Photo: Well hello there 2015! from Chris Chabot Flickr Photostream

It’s that time of year. Millions of British people resolve to change. Quit smoking. Eat better. Exercise more. Drink less. Breaking a New Year’s resolution is as much a British tradition as making one though. So what can we learn from this ritual about the potential for improving health in Britain in 2015? It tells us that, while Britain remains one of the sickest countries in Europe with stark health inequalities, many people are trying to change their habits and know what they need to do to improve their health. It also demonstrates how millions of individuals resolving to change doesn’t equate to improved health nationally unless wider political and social change occurs too.

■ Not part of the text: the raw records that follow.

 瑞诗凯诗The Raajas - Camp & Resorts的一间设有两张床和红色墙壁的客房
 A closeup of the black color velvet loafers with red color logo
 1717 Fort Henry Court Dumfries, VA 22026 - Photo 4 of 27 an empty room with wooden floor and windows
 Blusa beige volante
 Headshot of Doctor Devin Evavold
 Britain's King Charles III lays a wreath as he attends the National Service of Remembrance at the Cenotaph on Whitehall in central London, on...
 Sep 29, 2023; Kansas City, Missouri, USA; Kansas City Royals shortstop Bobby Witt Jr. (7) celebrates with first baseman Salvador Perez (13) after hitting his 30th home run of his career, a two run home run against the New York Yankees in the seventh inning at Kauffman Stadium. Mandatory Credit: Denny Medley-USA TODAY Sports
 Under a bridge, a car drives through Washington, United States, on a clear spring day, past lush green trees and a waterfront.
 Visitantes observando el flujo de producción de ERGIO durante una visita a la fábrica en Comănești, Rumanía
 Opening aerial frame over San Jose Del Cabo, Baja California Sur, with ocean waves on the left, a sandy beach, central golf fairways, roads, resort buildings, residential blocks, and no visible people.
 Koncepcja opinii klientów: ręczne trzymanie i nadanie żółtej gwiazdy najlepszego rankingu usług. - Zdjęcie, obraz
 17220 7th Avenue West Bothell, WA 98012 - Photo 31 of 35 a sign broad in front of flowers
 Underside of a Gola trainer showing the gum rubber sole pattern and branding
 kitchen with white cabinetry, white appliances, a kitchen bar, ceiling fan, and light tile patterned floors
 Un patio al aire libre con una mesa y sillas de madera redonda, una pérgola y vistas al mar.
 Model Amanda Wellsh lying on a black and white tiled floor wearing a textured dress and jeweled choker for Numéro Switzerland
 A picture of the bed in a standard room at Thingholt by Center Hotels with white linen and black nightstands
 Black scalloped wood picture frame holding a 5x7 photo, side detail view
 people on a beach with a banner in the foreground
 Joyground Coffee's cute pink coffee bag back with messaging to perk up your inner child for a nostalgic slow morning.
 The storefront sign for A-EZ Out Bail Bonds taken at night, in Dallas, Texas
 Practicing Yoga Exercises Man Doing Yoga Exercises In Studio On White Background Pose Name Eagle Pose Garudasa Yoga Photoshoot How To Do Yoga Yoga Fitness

It’s time that our politicians made their own New Year’s resolution to give public health policy greater priority in 2015, starting with their election manifestos, and I’ve provided some ideas to help them turn over a new leaf.

Lots of individuals resolving to make a fresh start each year isn’t a bad thing, which is why the NHS and NICE encourage it and offer advice. Some people do stick to their resolutions. Those people who stop smoking each January benefit from both immediate and long-term health improvements. Public Health England’s new Stop the Rot campaign is timed to capitalise on many smokers’ motivation to quit now.

However, it’s not all good news. Not least because of the money we often waste. It’s estimated we now spend on average £21,000 over our lifetime on New Year’s gym memberships, sportswear, weight loss programmes, health foods, smoking cessation aids, and self-help books. The demand for smartphone health apps is booming too with 500 million people worldwide now using them. This highlights our desire to change but also how inequalities are reinforced while we all go it alone.

This mass New Year’s ritual helps distract us from the powerful economic, social and environmental influences that shape our behaviour. We’re becoming a society that can’t see health beyond the individual, resulting in the continuous invention of new ways of monitoring our own and each other’s health behaviours. For instance, a failure to lose weight is simply seen as an individual failure. But if you work long hours for little money and have children to feed it’s hardly easy to change your diet and lifestyle overnight. Not everyone lives in an area where they feel safe to exercise either.

While Britain is clearly a nation of self-motivated, self-helping individuals willing to part with mountains of cash each January, we continue to die younger than people in other Western countries. This is partly because of this rampant individualism. We need to make more collective resolutions, as well as individual ones, to make our schools, workplaces and communities healthier. The best way of affecting this change and significantly improving the health of the population remains the political process at a national level. If the Tories win the general election, 2015 could be an apocalyptic year for the NHS – but even if they don’t, and further privatisation is avoided, health inequalities won’t be addressed by the NHS alone nor will the NHS be sustainable unless the nation’s health profile improves.

We urgently need to break with the current political focus on nudging individuals and voluntary “responsibility deals” with the food and drinks industry that have dominated this government’s public health strategy since 2010. Public health has sometimes worked effectively away from the political (and media) spotlight – making our lives safer in the twentieth century while we were sleeping, as Harvard’s David Hemenway puts it – but the major health challenges of the 21st century, such as obesity, won’t be solved without more radical political actions.

It’s not difficult to think of policies that could be both electorally popular and improve Britain’s health. An obvious example would be making free breakfasts and lunches universally available in schools for all 5-16 year-olds. This would help improve diet and be popular with families. Legislating to make more sport available on free-to-air TV is another potentially easy-win. We shouldn’t have to rely on the Olympics every four years to inspire children to be more active. Major new national investments in community-based gyms and other sports facilities would surely be popular if a political party was willing to articulate the health, social and economic benefits. Minimum alcohol pricing and plain cigarette packaging have already been successfully introduced by other governments. And more effective anti-poverty policies would be worth a million self-help books. Britain’s now spending £47 billion a year on obesity alone, more than on police, prisons and fire services combined. If the costs of ignoring this don’t focus politicians’ minds then the millions of voters who want to quit smoking, eat better, exercise more and drink less should do. If not, it shows just how disconnected they are.